On sait que l’océan stocke plus de carbone que l’atmosphère, les plantes et le sol de la Terre, et les scientifiques découvrent encore de nouvelles espèces lors de rares voyages d’exploration, avec des études d’échantillons prenant des mois, voire des années, a déclaré Amon. Parmi les découvertes figure une pieuvre fantôme surnommée « Casper ».
« Nous ne comprenons pas ce qui vit là-bas, comment ils y vivent, la fonction globale que joue cet écosystème et ce que nous risquons de perdre en l’affectant de manière irréversible », a-t-elle déclaré, ajoutant que la vie dans les profondeurs marines est incroyablement lente, avec des minéraux. de plus en plus de 1 à 10 millimètres tous les millions d’années. « Cela signifie qu’il est très vulnérable aux perturbations et qu’il est extrêmement lent à se rétablir. »
Selon la Deep Ocean Stewardship Initiative, un réseau mondial, certains experts pensent qu’il faudrait entre six et plus de 20 ans pour collecter suffisamment de données nécessaires pour protéger l’environnement marin de l’exploitation minière en haute mer.

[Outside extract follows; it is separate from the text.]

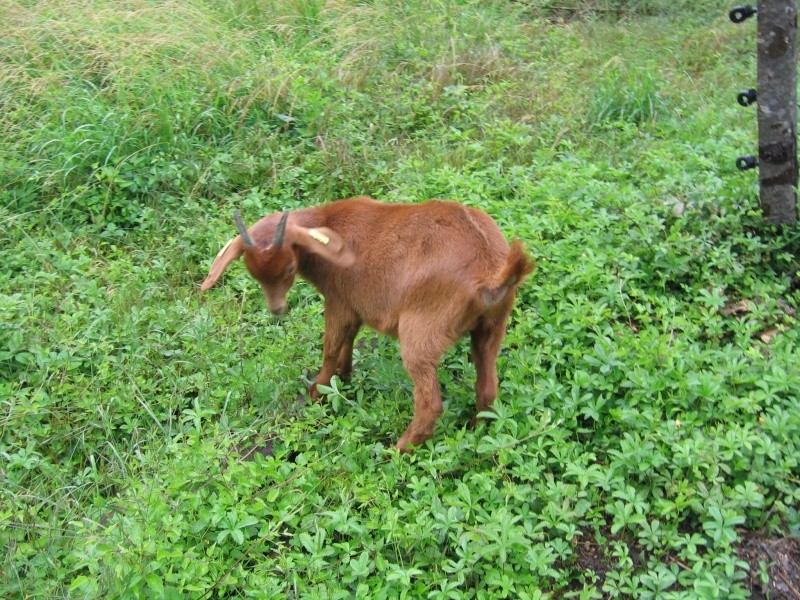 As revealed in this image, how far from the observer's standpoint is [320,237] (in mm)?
4055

D’autres préoccupations concernant l’exploitation minière en haute mer incluent la manière dont les revenus seraient distribués et la manière dont les entreprises cherchant un parrainage seraient examinées et leurs activités réglementées.

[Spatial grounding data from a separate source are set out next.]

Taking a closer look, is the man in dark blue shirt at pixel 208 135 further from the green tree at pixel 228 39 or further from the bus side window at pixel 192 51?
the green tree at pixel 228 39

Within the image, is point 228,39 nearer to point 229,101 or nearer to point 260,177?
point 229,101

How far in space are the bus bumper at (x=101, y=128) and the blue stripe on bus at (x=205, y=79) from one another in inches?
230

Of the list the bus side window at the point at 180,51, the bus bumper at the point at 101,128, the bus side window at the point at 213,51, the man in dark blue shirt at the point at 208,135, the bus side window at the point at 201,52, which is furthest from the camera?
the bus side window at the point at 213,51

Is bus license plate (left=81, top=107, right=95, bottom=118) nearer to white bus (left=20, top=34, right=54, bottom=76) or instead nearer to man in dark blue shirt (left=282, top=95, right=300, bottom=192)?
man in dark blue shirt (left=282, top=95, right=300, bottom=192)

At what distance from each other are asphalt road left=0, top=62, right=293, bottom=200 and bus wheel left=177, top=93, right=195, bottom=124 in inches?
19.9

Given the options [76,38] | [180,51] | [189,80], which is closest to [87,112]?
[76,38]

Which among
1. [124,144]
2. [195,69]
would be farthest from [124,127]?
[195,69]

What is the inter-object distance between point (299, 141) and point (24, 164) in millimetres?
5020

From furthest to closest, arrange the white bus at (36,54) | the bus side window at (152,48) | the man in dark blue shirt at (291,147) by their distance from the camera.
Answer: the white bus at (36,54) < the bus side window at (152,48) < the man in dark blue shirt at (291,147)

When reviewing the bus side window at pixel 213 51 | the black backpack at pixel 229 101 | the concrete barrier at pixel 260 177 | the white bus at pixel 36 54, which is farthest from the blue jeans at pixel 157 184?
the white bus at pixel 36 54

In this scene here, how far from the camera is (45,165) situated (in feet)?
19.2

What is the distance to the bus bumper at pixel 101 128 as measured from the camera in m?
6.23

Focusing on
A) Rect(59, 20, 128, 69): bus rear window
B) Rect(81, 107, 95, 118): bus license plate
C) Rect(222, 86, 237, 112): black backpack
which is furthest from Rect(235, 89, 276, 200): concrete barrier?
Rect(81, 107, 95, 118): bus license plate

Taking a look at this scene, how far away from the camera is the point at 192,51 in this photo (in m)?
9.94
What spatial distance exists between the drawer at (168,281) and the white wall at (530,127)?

Pradeep Singh, chercheur à l’Institute for Advance Sustainability Studies de Potsdam, en Allemagne, a déclaré qu’il y avait des inquiétudes croissantes concernant les « parrainages de complaisance » potentiels dans lesquels des entreprises privées pourraient acheter un pays en fonction de ses exonérations fiscales, de ses lois environnementales potentiellement laxistes et d’autres les facteurs.
« Un certain nombre d’États commencent à froncer les sourcils au sujet de ces relations qui se déroulent dans les coulisses », a-t-il déclaré.
Singh a également noté que lui et d’autres craignaient que l’Autorité internationale des fonds marins ne gagne une partie des revenus si l’exploitation minière réelle devait commencer étant donné que l’agence accorde des licences : « C’est un gros conflit d’intérêts ».
L’autorité n’a pas renvoyé de message sollicitant des commentaires.
Michael Lodge, secrétaire général de l’Autorité internationale des fonds marins, a déclaré lors de son allocution d’ouverture de la conférence que l’agence souhaitait assurer la protection de l’environnement marin alors que les pays membres travaillaient sur un projet de réglementation.
Lors d’une réunion plus tôt cette année, il a noté que l’autorité avait élargi une zone protégée à 1,97 million de kilomètres carrés dans une vaste région pour laquelle une majorité de licences d’exploration ont été attribuées.
Des plans de gestion environnementale pour d’autres zones en cours d’exploration sont encore en cours d’élaboration.
© 2022 L’Associated Press. Tous les droits sont réservés. Ce matériel ne peut être publié, diffusé, réécrit ou redistribué sans autorisation.